Copy word for word, please, the lines of the entries below running from the one containing "A flat lay of" to the one containing "This is an example", both ends included.

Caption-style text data
........

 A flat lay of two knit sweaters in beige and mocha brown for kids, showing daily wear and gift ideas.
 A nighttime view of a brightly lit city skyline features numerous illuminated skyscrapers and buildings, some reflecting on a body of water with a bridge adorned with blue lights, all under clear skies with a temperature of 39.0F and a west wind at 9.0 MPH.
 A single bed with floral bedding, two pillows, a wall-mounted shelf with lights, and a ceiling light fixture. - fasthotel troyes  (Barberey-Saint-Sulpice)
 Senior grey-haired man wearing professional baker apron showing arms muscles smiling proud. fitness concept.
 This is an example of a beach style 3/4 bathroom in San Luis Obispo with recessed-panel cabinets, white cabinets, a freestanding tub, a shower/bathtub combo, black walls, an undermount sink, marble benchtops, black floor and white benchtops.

........

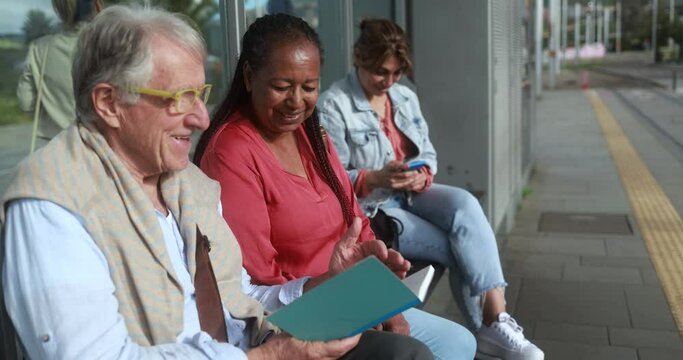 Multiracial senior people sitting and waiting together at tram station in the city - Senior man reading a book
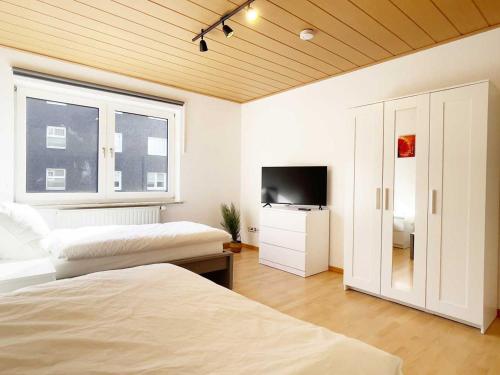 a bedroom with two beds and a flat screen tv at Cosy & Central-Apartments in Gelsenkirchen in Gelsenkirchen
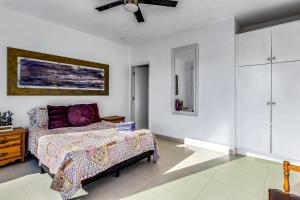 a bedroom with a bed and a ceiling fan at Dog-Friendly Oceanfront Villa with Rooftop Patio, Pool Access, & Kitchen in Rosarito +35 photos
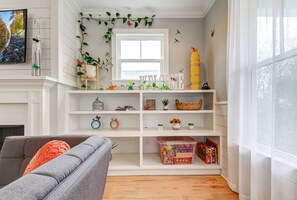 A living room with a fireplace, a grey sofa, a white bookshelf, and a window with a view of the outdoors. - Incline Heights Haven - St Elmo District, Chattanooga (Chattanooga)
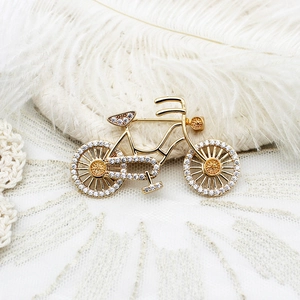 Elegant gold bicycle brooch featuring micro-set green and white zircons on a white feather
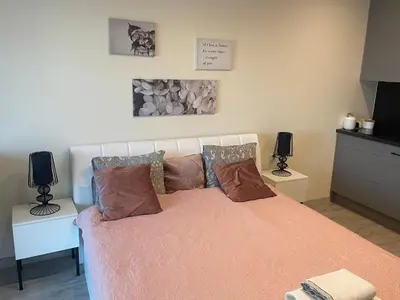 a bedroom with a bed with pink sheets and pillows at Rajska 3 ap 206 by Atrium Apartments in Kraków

........

> _EXERCISE OUTPUT_:
 A flat lay of two knit sweaters in beige and mocha brown for kids, showing daily wear and gift ideas.
 A nighttime view of a brightly lit city skyline features numerous illuminated skyscrapers and buildings, some reflecting on a body of water with a bridge adorned with blue lights, all under clear skies with a temperature of 39.0F and a west wind at 9.0 MPH.
 A single bed with floral bedding, two pillows, a wall-mounted shelf with lights, and a ceiling light fixture. - fasthotel troyes  (Barberey-Saint-Sulpice)
 Senior grey-haired man wearing professional baker apron showing arms muscles smiling proud. fitness concept.
 This is an example of a beach style 3/4 bathroom in San Luis Obispo with recessed-panel cabinets, white cabinets, a freestanding tub, a shower/bathtub combo, black walls, an undermount sink, marble benchtops, black floor and white benchtops.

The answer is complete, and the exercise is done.